The scarier part? This application had been in production for years. This endpoint had existed, uncheckled, the whole time. Every invoice ever created was accessible to every other user for the entire lifetime of the product.
Nobody noticed. Or if they did, nobody said anything.
What I Took Away
Sequential IDs in URLs are a red flag, not a death sentence.
The real issue is the missing authorization check, not the ID format. But sequential IDs make the attack trivially easy to discover and exploit. UUIDs raise the bar meaningfully.
Test retrieval endpoints separately from creation endpoints.
Your auth check on POST doesn’t automatically protect your GET. These are different code paths. Test them independently.
Bulk endpoints deserve extra scrutiny.
Any endpoint that accepts multiple IDs in a single call multiplies the potential impact of an IDOR. If you find an IDOR, always check if there’s a bulk variant.
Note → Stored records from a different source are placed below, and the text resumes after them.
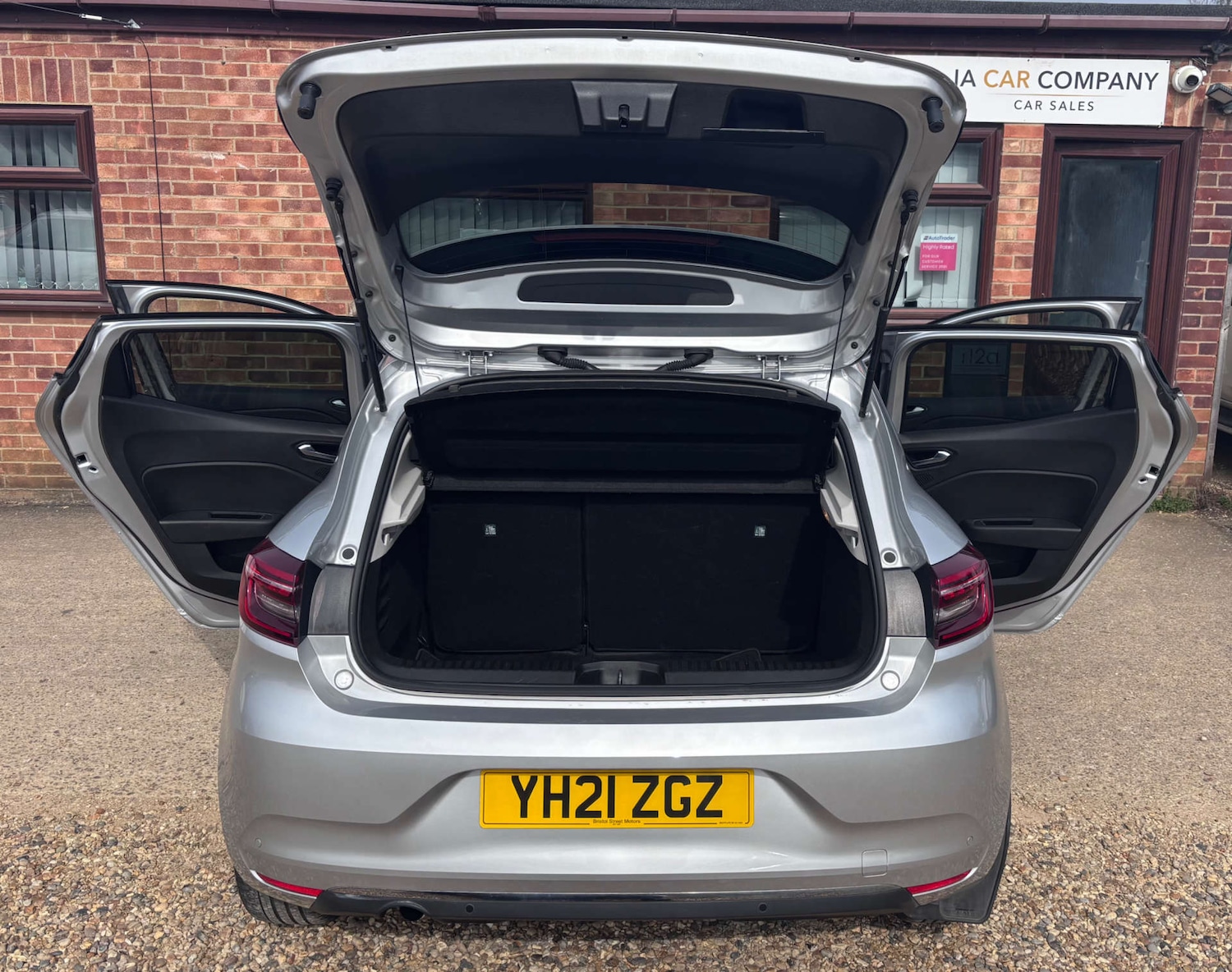 Used Renault Clio 2021 for sale - 78055116: Photo 11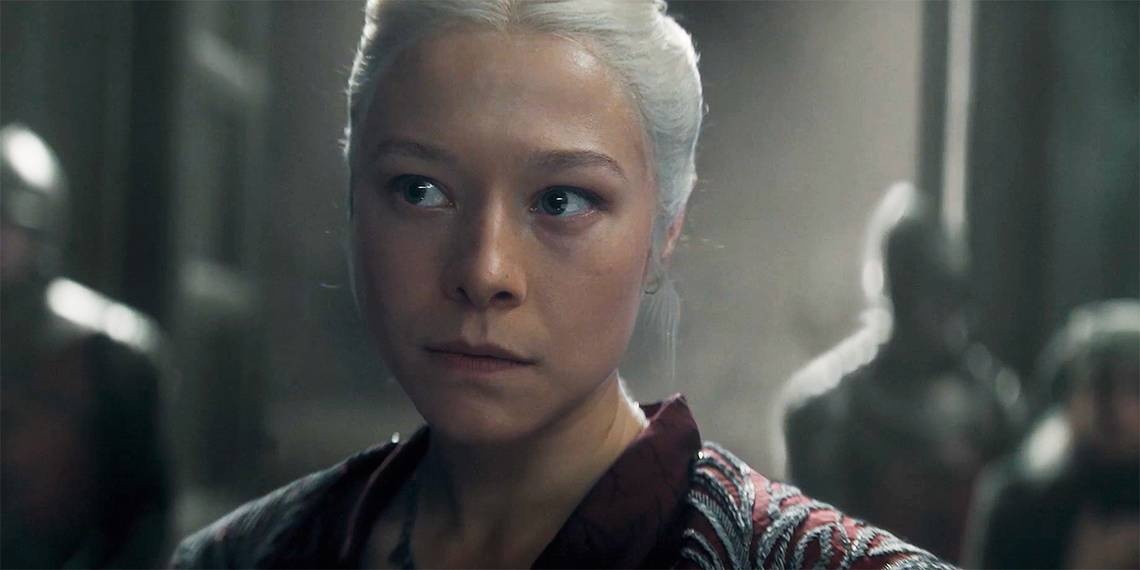 جزئیاتی از فصل سوم سریال House of the Dragon آشکار شد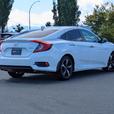 2018 Honda Civic Touring - Low KMs, Sunroof, Leather, Heated Seats thumbnail image 6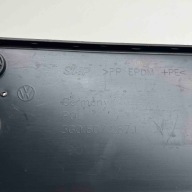 VW PASSAT B8 2014 - frame signs pad REJESTRACJI front 3G0807287L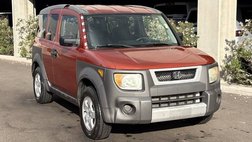 2004 Honda Element EX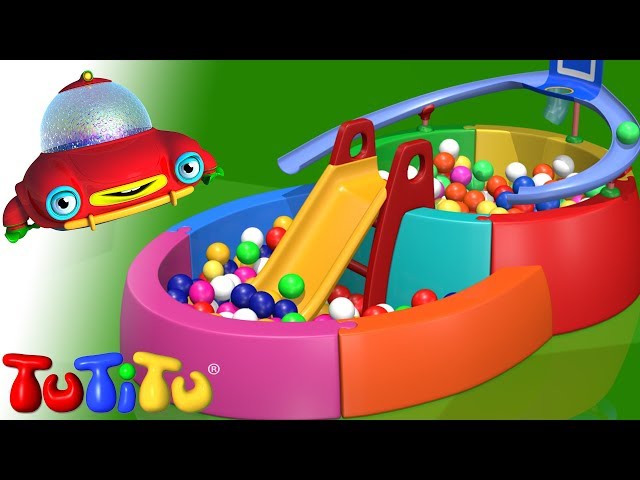 Ball Pit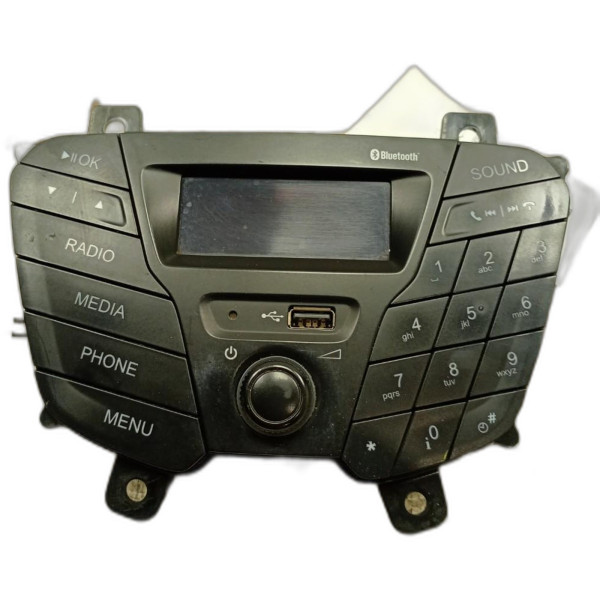RÁDIO FORD KA 1.0 SE/SE PLUS 2015/2015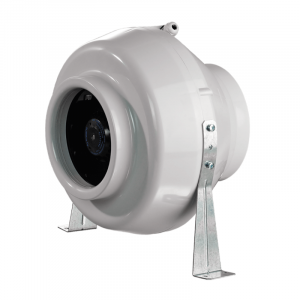 Blauberg CENTRO (hoge druk) buisventilator - kunststof - Ø 250mm - 1080m3/h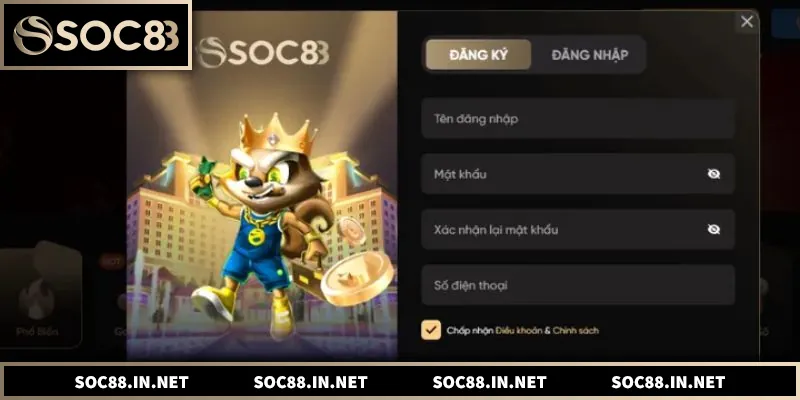 Hướng dẫn đăng nhập nhanh và an toàn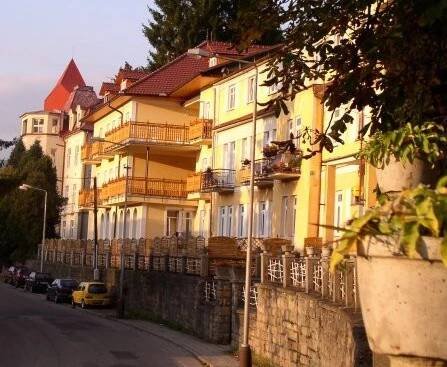 LÁZEŇSKÝ LÉČEBNÝ DŮM PRAHA - Živéfirmy.cz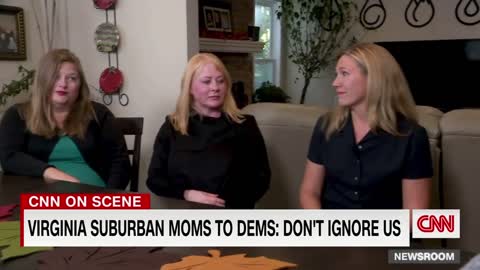 Non-Republican Suburban Moms Reveal Why They Voted for Youngkin Over McAuliffe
There usually is.
Closing Thought
I reported this bug on a Tuesday.
By Friday, the engineering team had patched both endpoints, added rate limiting, migrated new invoices to UUIDs, and sent me a very professional thank-you message.
That’s actually a good response time for something this impactful.
The invoice data of hundreds of companies was exposed for years. And the fix took three days.
Security is strange like that.
Reported and fully remediated through the official bug bounty program. All testing was limited to invoices generated by my own test accounts plus a small sample for proof-of-concept, immediately deleted after capture. Domain redacted per responsible disclosure norms.